Take the Tuesday before last, the day on which I was due to take Paddy and Milo, our two sheep-killers, to their new homes in an ovine-free zone of the North-west.

They'd been in kennels for 10 days while we tried to find a future for them, but I'd had to take them out on the Monday, because at 11am on the Tuesday I was due in Wigan to interview the manager of Wigan Athletic FC, and wanted to be on the road by 8am, before the kennels opened.

I couldn't bring the dogs back home for the night, because it would have been distressing for the children to see them, only to be separated again, so I called on my friend Alex, who lives on a farm, and who kindly offered me the use of her stable.

The dogs would be secure overnight, she said, and I could collect them as early as I liked the following morning. She showed me to the stable, which, if they ever remake the 1977 mini-series Jesus Of Nazareth, will make a perfect location.

Incidentally, I read recently that when Franco Zeffirelli got to the Last Supper scene in Jesus of Nazareth, Ian McShane, playing Judas, slipped shiftily out of the room with Zeffirelli*s camera following him. Then he popped his head back round the door and said: "Now, have I got this right? Eight cod and four haddock, all with mushy peas?"

Anyway, it was 7am and still dark when I got there the following morning. I opened the stable door, and was greeted with wild excitement by the dogs, who seemed less appreciative than I was of their New Testament setting, and were anxious to get out, cock their legs, and then climb into the back of the Volvo.

I gave them each a Bonio, put them on leads, and then turned to find that the stable door had shut behind me. I was locked in.

I am pleased to say that the surrealism of this situation - being shut in a cold, dark Herefordshire stable with a pair of dogs, all three of us desperate for a pee, when I needed to be on the M6 heading for Wigan - did not escape me. But after I had chortled awhile, I began to weight up the seriousness of my predicament. After all, it might be some time before anyone heard me yelling to be let out.

Eventually, the power of prayer, combined with some sustained door-jiggling, got me out. I just made it to Wigan on time and then drove on to Southport, the town where I grew up and where Paddy and Milo are now living happily, and where the only chance of them re-offending is by bringing down the occasional elderly man walking on the beach in a sheepskin coat.

Now, while all this was happening, my wife, Jane, was engaged in altogether

different but similarly surreal business. Her friend Rachel was getting married and another friend, Angeline, decided that it might be a laugh to buy Rachel some sex aids. Somehow or other, Angeline knew about a sex shop just outside Church Stretton, in Shropshire, and if that's not the oddest place for a sex shop, then I don*t know what is.

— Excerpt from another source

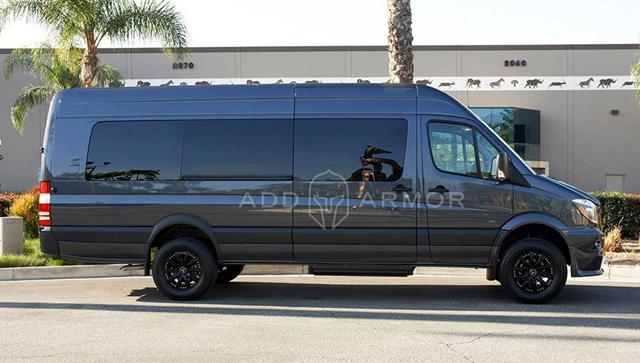  Превърнаха Mercedes-Benz Sprinter в мобилна паник стая 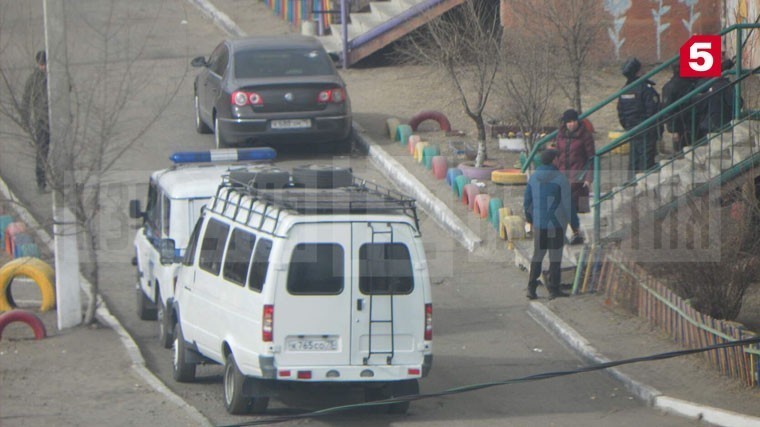 Фото жилого дома в Чите, в который случайно выстрелил вертолет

So, while I was still picking bits of straw off myself at the Wigan Athletic training ground, Jane and Angeline were waiting in the reception of a rural sex shop, having been told that they couldn't yet go in to look at the toys because there was a man in there who wanted privacy. Eventually he emerged, and what a denouement it would have been had he happened to be a vicar or magistrate of their acquaintance. In fact, they didn't recognise him, hard though they scrutinised him, while both pretending to look the other way.

That evening, swapping stories of our respective days, Jane and I agreed that country life is unpredictable, to say the least.